The Court finds OPS did not act in bad faith or with dilatory motive in filing its motion for leave. PAWS alleges OPS has “no good faith basis for maintaining this lawsuit” and seeks to “derail and prolong litigation” by filing this motion for leave to amend (Dkt. #48 at p. 1). But OPS's amendment adds factual allegations learned during discovery and it did not have sufficient information to assert these claims until now (Dkt. #42 at p. 4-5; #54 at p. 1-2). By its very name, discovery uncovers previously unknown facts and sometimes those facts surface right before the deadline to amend. Thus, the Court finds this second factor weighs in favor of granting leave to amend.

3. Repeated Failure to Cure Deficiencies by Previous Amendments

The Court finds OPS did not fail to cure deficiencies by previous amendments. While PAWS does not explicitly address this factor, it suggests OPS could have included the information in an earlier pleading (See Dkt. #48 at p. 4-6, 9-10). But OPS only became aware of the alleged infringement after receiving PAWS's source code on June 2, 2021 (See Dkt. #42 at p. 4-5; #54 at p. 1-2). As addressed above, if OPS learned of the alleged infringement after June 2, 2021, then it could not have included the information in an earlier pleading. Thus, this third factor weighs in favor of granting leave to amend.

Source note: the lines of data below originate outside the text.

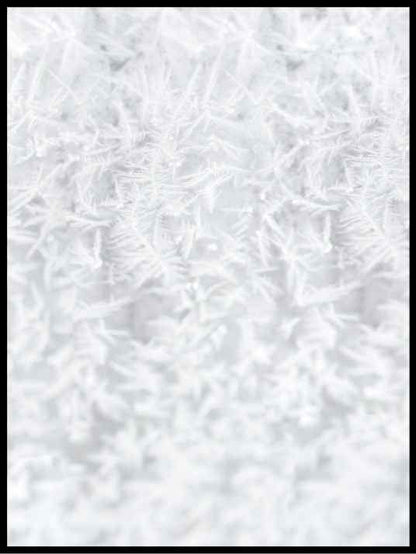 Snøkrystaller - plakat - Plakatbar.no
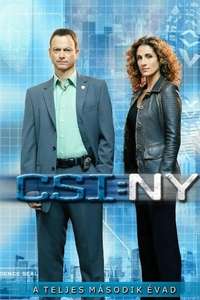 CSI: NY - Posters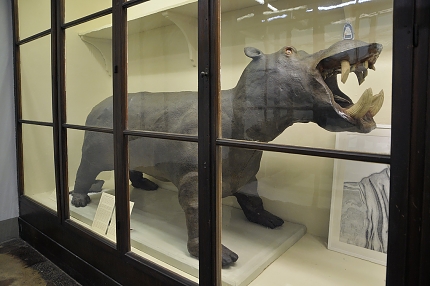 hippo specola 8-2017 1454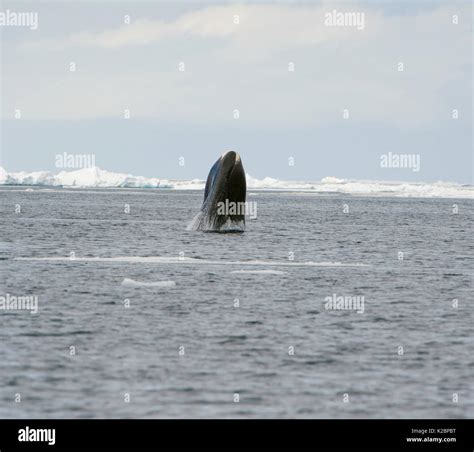 Bowhead whale (Balaena mysticetus) breaching, Canada, Arctic Ocean ...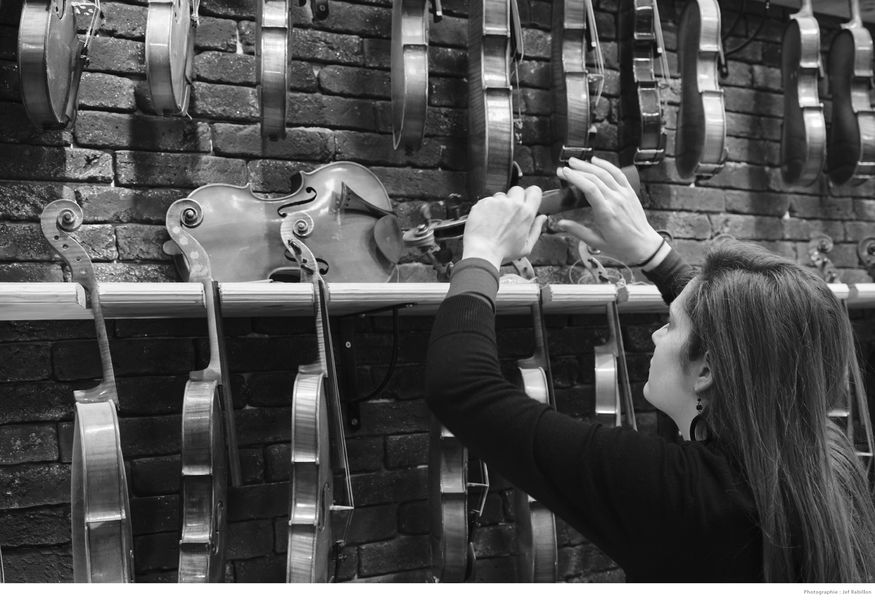 Violons présentés dans l'atelier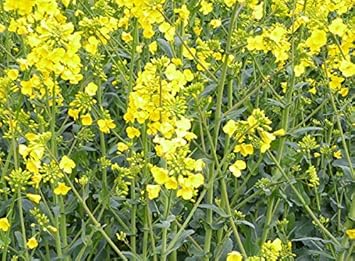 Yellow Rape Flower Seeds for Planting, 100 pcs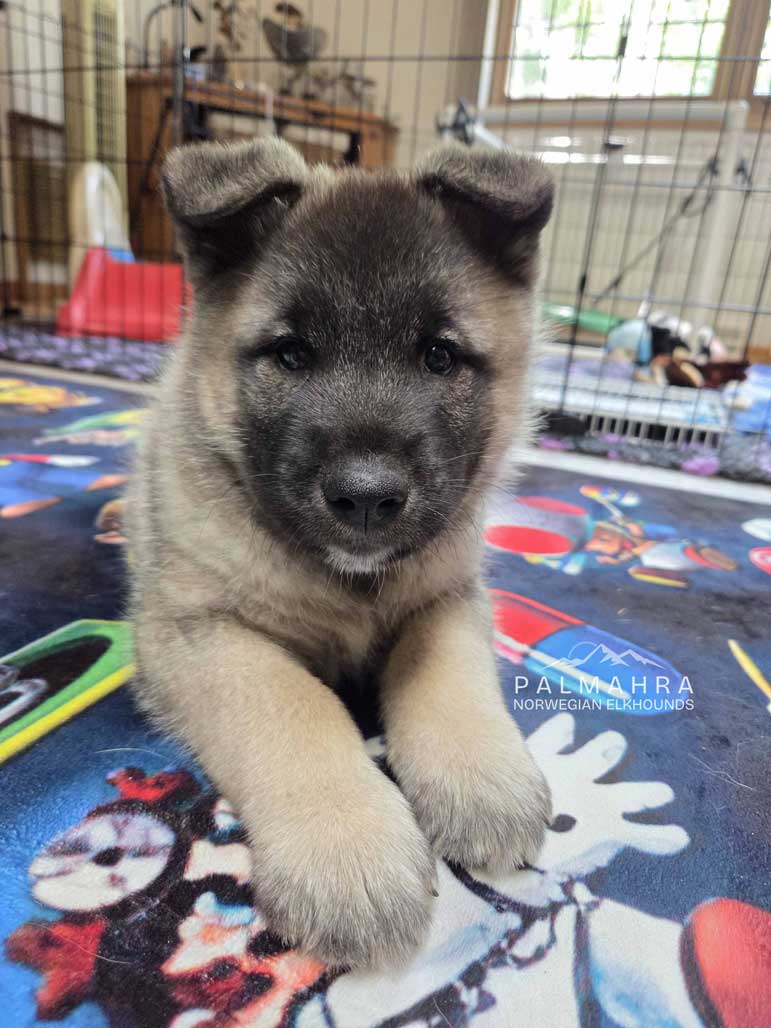 Norwegian Elkhound puppy
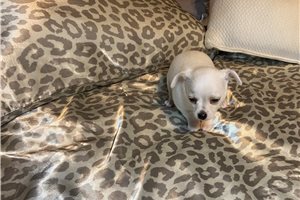 Jonah - Chihuahua for sale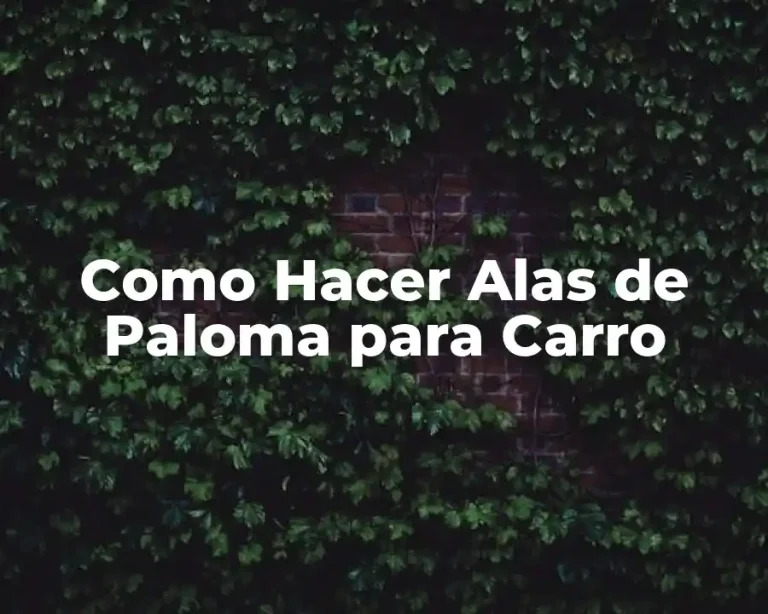 Como Hacer Alas de Paloma para Carro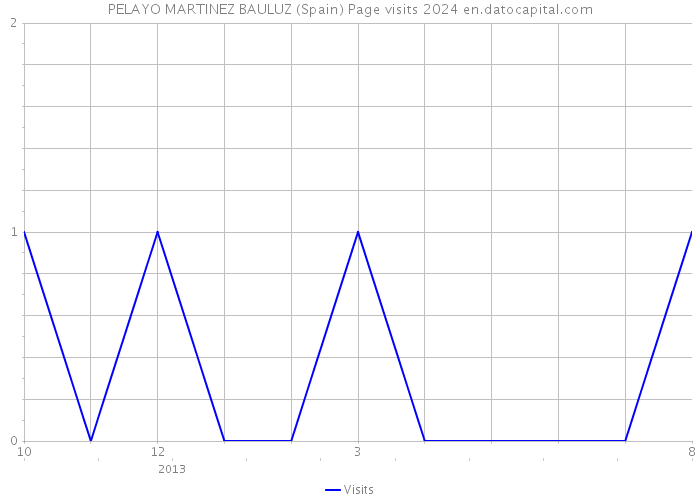 PELAYO MARTINEZ BAULUZ (Spain) Page visits 2024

4. Undue Prejudice to the Opposing Party

The Court finds PAWS will not be unduly prejudiced by this amendment. PAWS argues that if the Court grants OPS leave, then discovery and claim construction will have to restart and deadlines will need to be extended (Dkt. #48 at p. 5, Dkt. #56 at p. 3). This is premature. The pretrial conference is currently scheduled for August 25, 2022, leaving over one year for discovery and pretrial matters. Discovery is still in its beginning stages and so it would not have to reopen, merely continue (Dkt. #42 at p. 6). See Smith v. EMC, 393 F.3d 590, 596 (5th Cir. 2004) (citing Duggins v. Steak ‘N Shake, 195 F.3d 828, 834 (6th Cir. 1999) (“A defendant is prejudiced if an added claim would require the defendant “‘to reopen discovery and prepare a defense for a claim different from the [one] . . . that was before the court.'”). Any prejudice can be cured by the parties submitting a joint amended scheduling order. This factor favors granting leave to amend.

5. Futility of the Amendment

The amendment is not futile. “Futility is determined under Rule 12(b)(6) standards, meaning an amendment is considered futile if it would fail to state a claim upon which relief could be granted.” Allen v. Sherman Operating Co., LLC, 4:20-CV-290-SDJ-KPJ, 2021 WL 860458, at *12 (E.D. Tex. Feb. 18, 2021) (quoting Justice v. PSI-Intertek, No. 3:20-cv-3172-S-BN, 2021 WL 39587, at *1 (N.D. Tex. Jan. 4, 2021)). Here, OPS alleges PAWS infringed the '522 and '314 patents (Dkt. #42). OPS details where it discovered this alleged infringement (the source code paged produced by PAWS) and what infringing aspect of the accused product was learned through discovery (See Dkt. #42 at pp. 4-5). Considering these facts in the light most favorable to the plaintiff, OPS's amendment sufficiently states a claim under 12(b)(6). The amendment is therefore not futile.

CONCLUSION

It is therefore ORDERED that Plaintiffs Motion for Leave to File Second Amended Complaint (Dkt. #42) is hereby GRANTED.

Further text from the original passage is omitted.